The FIA has rejected Red Bull’s request to reconsider the penalty Lewis Hamilton received for the incident with Max Verstappen because they believe the new evidence they provided is not significant or relevant enough and stewards have ‘expressed some concern’ over some allegations from Red Bull’s letter.
Red Bull has exercised its right to seek reconsideration of the Silverstone case, and for the FIA to reconsider the case the new evidence must be sufficiently significant and relevant.
Representatives of Red Bull, Mercedes and the FIA met at today’s hearing at the Hungaroring at 4 pm and Red Bull showed its presentation in which they presented GPS data from Hamilton and Verstappen cars and a comparison with Hamilton’s overtaking Leclerc.
Red Bull also showed a lap in which Alexander Albon, Red Bull’s test and reserve driver, simulated Hamilton’s first lap that the FIA said it was filmed last week.
But the FIA decided that the new evidence was neither significant nor relevant to the matter of the hearing and decided to reject Red Bull’s request to reconsider the case.
“What was presented to the stewards was neither significant nor a relevant new element that was not previously available at the time of the decision,” the judges said in a statement.
“The document shown by the Competitor [Red Bull] is based on the evidence available at the time of the decision (GPS data).

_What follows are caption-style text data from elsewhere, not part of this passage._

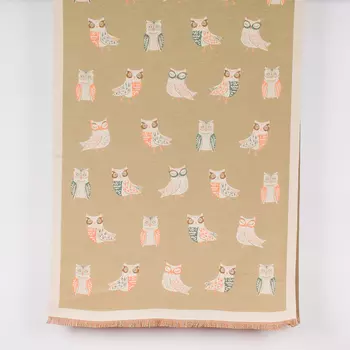 Палантин женский из акрила зеленый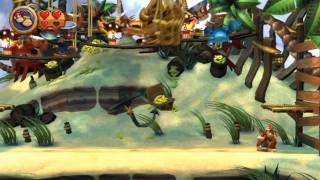 Donkey Kong Country Returns - World 2 Boss: Pinchin' Pirates [HD] screenshot 3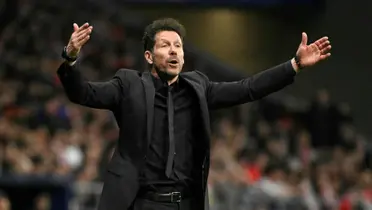 Diego Simeone, entrenador del Atlético de Madrid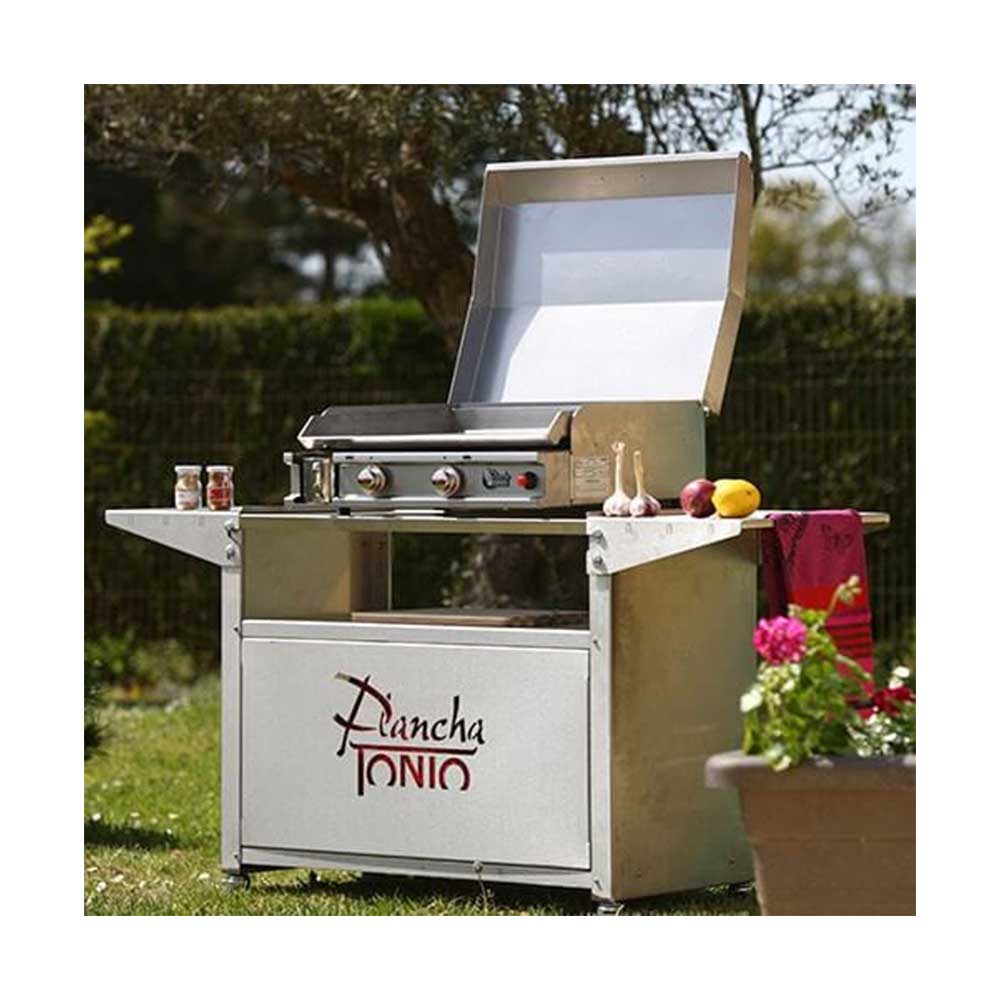Couvercle Plancha Gaz 2 feux TONIO BAILA NEVADA BENTO - PLANCHA TONIO pas cher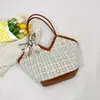 Bolsa Tote de Gran Capacidad Estilo Coreano Bolso de Hombro para Viajar al Trabajo para Mujer 2026 Primavera Nuevo Estilo Patchwork Cuadros Contrastantes Bolso de Hombro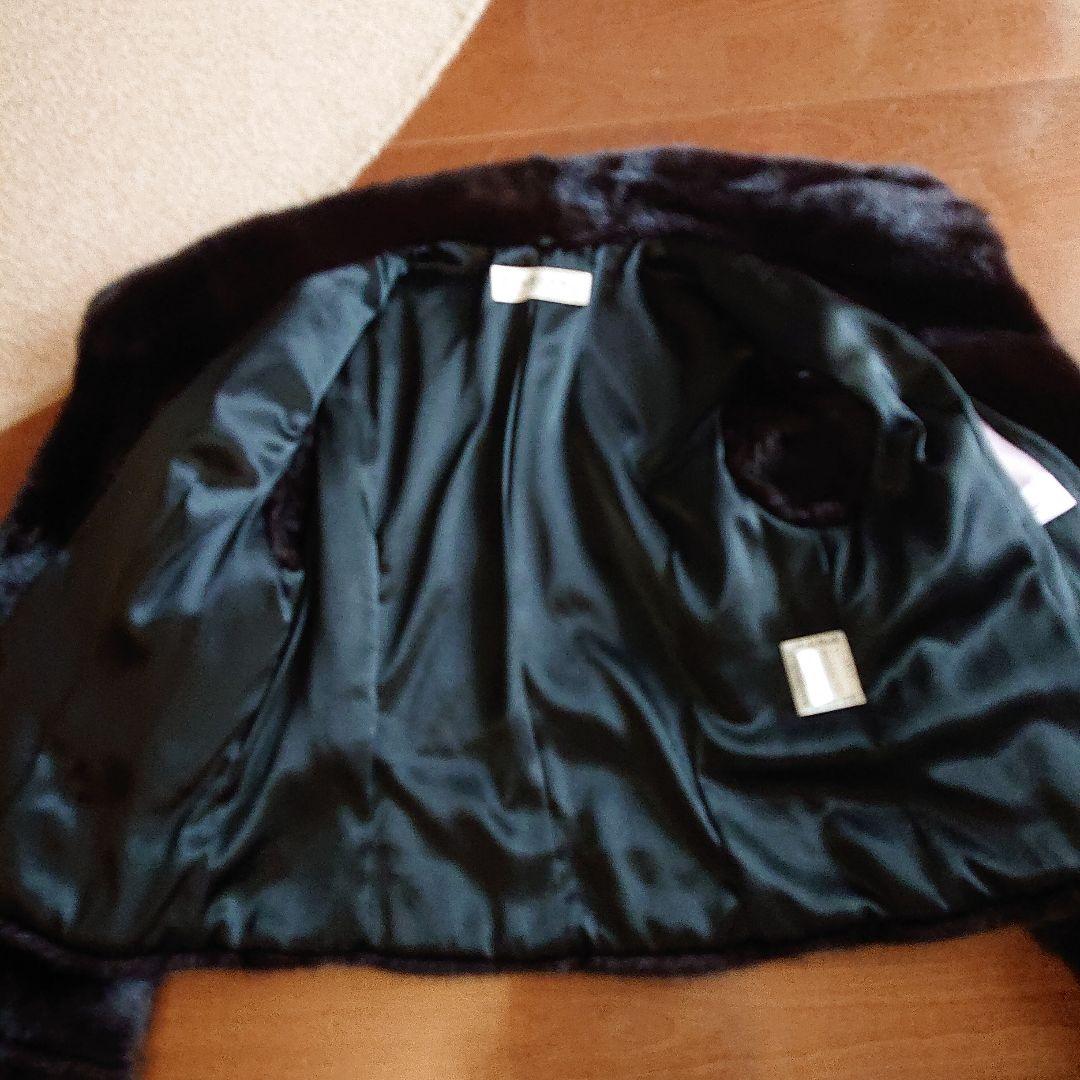 新作新品 CARVEN コペンハーゲンプラチナム ダーク ファーコート 軽い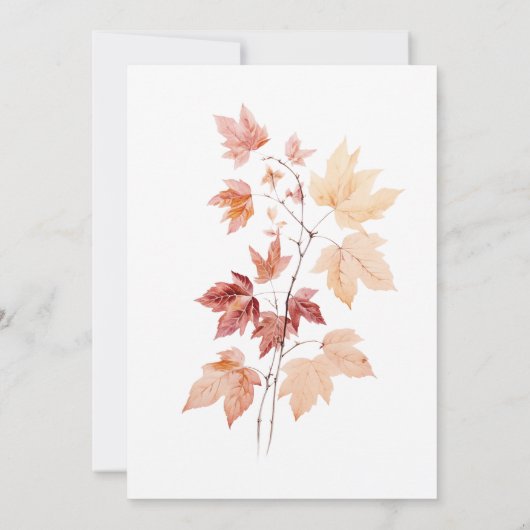 Invitation Feuilles d'automne rustiques Burgundy & Rust (Dos)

This clearly does not meet the requirements of Article 14.”
The FIA has expressed some concern about some of the allegations in the request that Red Bull submitted, and although it is not clear what the allegations are about, the FIA says the allegations would have been interesting if the request had passed.
“Stewards note, with some concern, certain allegations in the letter. Such allegations may or may not be relevant to stewards if the request for reconsideration hasn’t been rejected. As the petition has not passed, the stewards will not comment on those allegations.”